A day in the life of DJ…
Diovisalvi headed to the Canadian Open with world number two Johnson last week as the American put the final touches on his preparation for the third major of the year.
“Dustin is in a good place,” he said. “He’s hitting it well and he’s more comfortable with the putter. His body has been slowly and gradually building up to this major. He loves Pebble Beach, so I am very confident in the way he’s approaching this week and used Canada as an opportunity.
“Mentally it preps these guys to have enough reps to feel good about where their driver is, where their short game is, the approach shots – what does it look like with the irons?
“It’s a really good test to see how the body and the swing are working. Dustin’s body is peaking nicely.”
Helping players get their “feel” is a key part of Diovisalvi’s role.
“As the coach and the player are trying to get something to feel right, especially before a major, our job is to make sure the body and the nervous system understand how to ingrain that without over-thinking,” he added.
“When their feel is off, you see them do things that are out of character for the calibre they play at. You hear the commentators, they start to over analyse and that’s not really what it is… the reality is, if the feel is right and their bodies are reacting and they feel good with where their mental game is, it’s a pretty seamless effort.
“Then it comes down to can they putt well to score?”
But life on the PGA Tour can be intense, with players enduring long, hectic days that run far beyond what is picked up by the cameras during their rounds.
“It’s not just a sunshiny day and they show up on the tee box or the driving range and go and play a five-hour round in the sunny weather,” explained Diovisalvi, who has previously worked with three-time major winner Vijay Singh.
“Both Brooks and Dustin take their nutrition very seriously, they had chefs with them this week and rented homes so they got more of a feel what it’s like to have their support team around them, their family, the opportunity to sleep better, to eat better.”
A day in the life on tour, eg 07:00 tee time
04:00: Wake Up
04:40: Eat breakfast
05:00: Arrive at golf course-10 mins on stationary bike-10 mins full dynamic stretch-15 mins stability/mobility/functional exercises
05:45-06:55: Practice range
07:00-12:00: Play round
12:00-14:00: Interviews, lunch, practice (if necessary), rest
16:00-17:30: Full 90-minute gym workout
After an early wake up – 04:00 if on the first tee at 07:00 – the players warm-up in the fitness trailers provided by the PGA Tour that are kitted out with the latest technology.

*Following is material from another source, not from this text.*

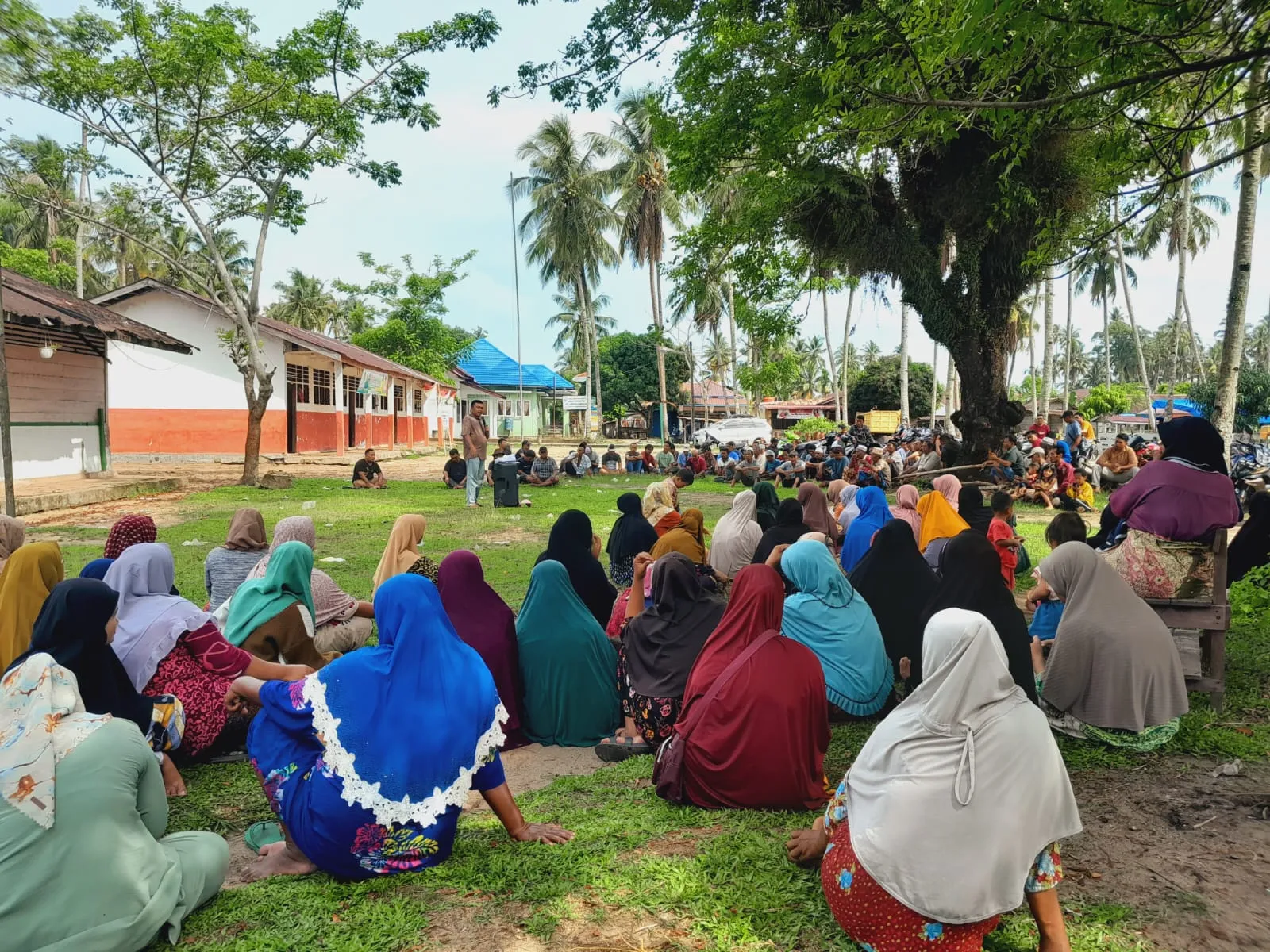 Massa Singkuang 1 'Kepung' Kantor Bupati Madina, DPRD Dan Perusahaan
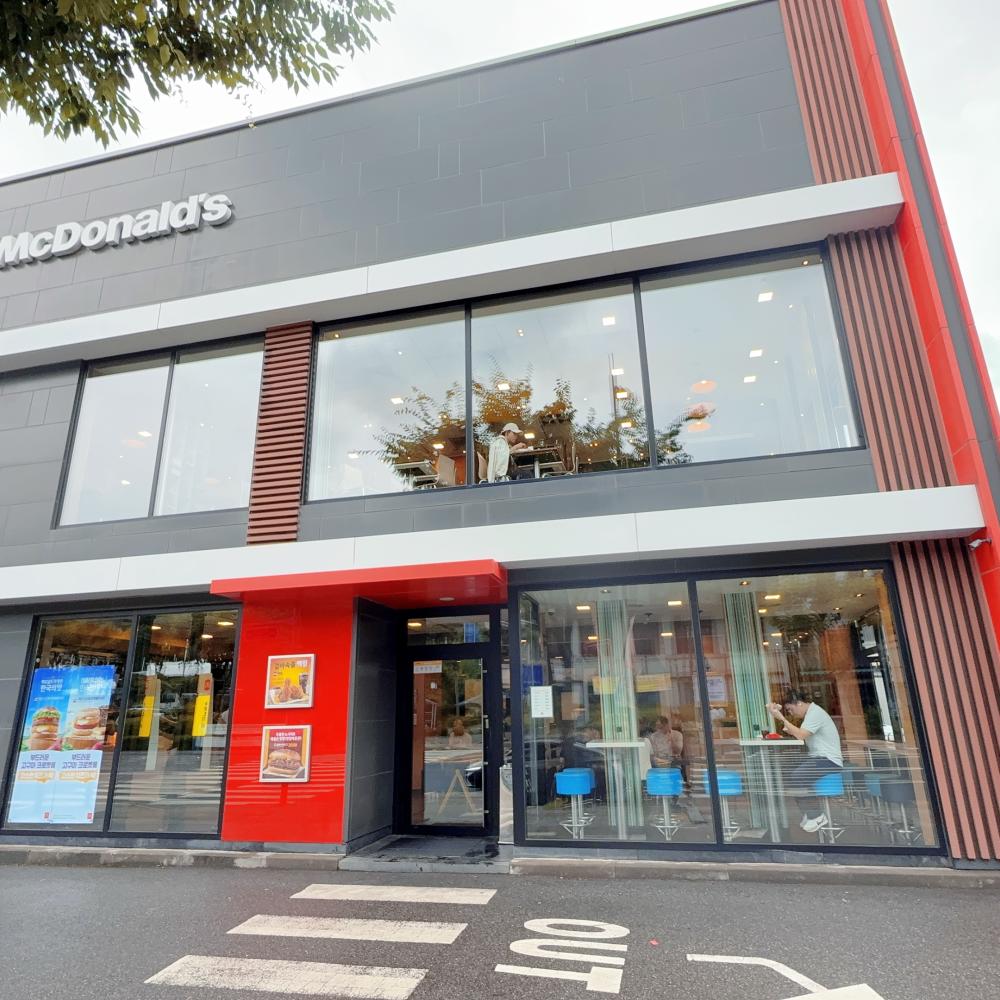 인천 맥도날드 외벽및,유리창 외부,내부청소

“Dustin will get on a spin bike for 10 or 12 minutes, get blood flowing, get his heart rate going a little bit,” added Diovisalvi. “Then we get down on a mat and do a very active, dynamic stretch for another 10 minutes.”
Next, the 2016 US Open champion works through a number of drills using stability balls, dumbbells, resistance bands and medicine balls to engage the muscles used during his round.
“He’s using very dynamic movement patterns that mimic the golf swing,” said Diovisalvi. “He’s very prepared in about 30 minutes to go out to the driving range and begin his routine.
“Now his feel or his body is very switched on. The nerves are firing, he feels the pressure from his feet.
“In 2019 we have worked harder than ever before on ‘prehabilitation’ – getting the body ready to perform so there’s few chances of injury, higher performance levels, more ability to get the body to move properly.”
Diovisalvi takes huge pride in seeing the players he and his team have worked with win tournaments and the academy in Jupiter, Florida is decorated with banners won by the likes of Johnson, Koepka, Justin Thomas, Lexi Thompson and Michelle Wie.
“They always say the proof is in the championship rings, or the banners that hang on our walls,” he said. “The majors that have been won in our team, they humble me every day.
“You hang these banners and think ‘gosh, we’ve been on teams that have helped win so many majors’, it really is humbling what you have participated in and how you helped grow the game.”